Task prompt —
Please repeat the whole listing exactly, but leave out any picture it holds.
::: Data block :::
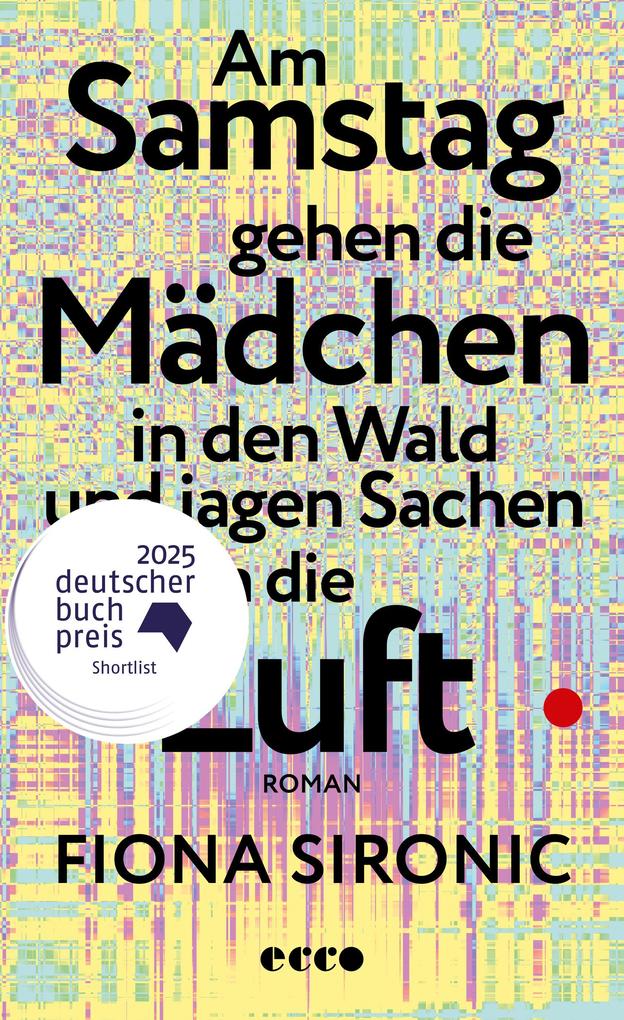 Ecco Verlag Am Samstag Gehen Die Mädchen In Den Wald Und Jagen Sachen In Die Luft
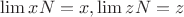 $ \lim xN=x, \lim zN=z$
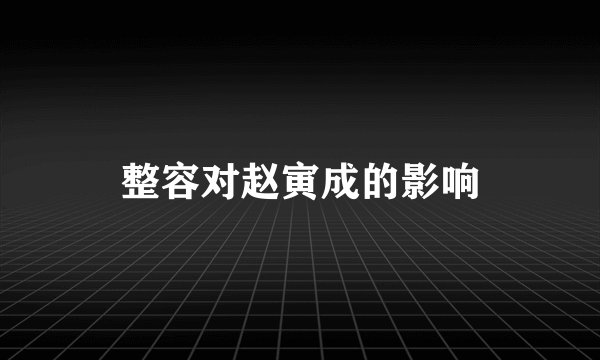 整容对赵寅成的影响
:::
Response to the task —
 Ecco Verlag Am Samstag Gehen Die Mädchen In Den Wald Und Jagen Sachen In Die Luft
 $ \lim xN=x, \lim zN=z$
 整容对赵寅成的影响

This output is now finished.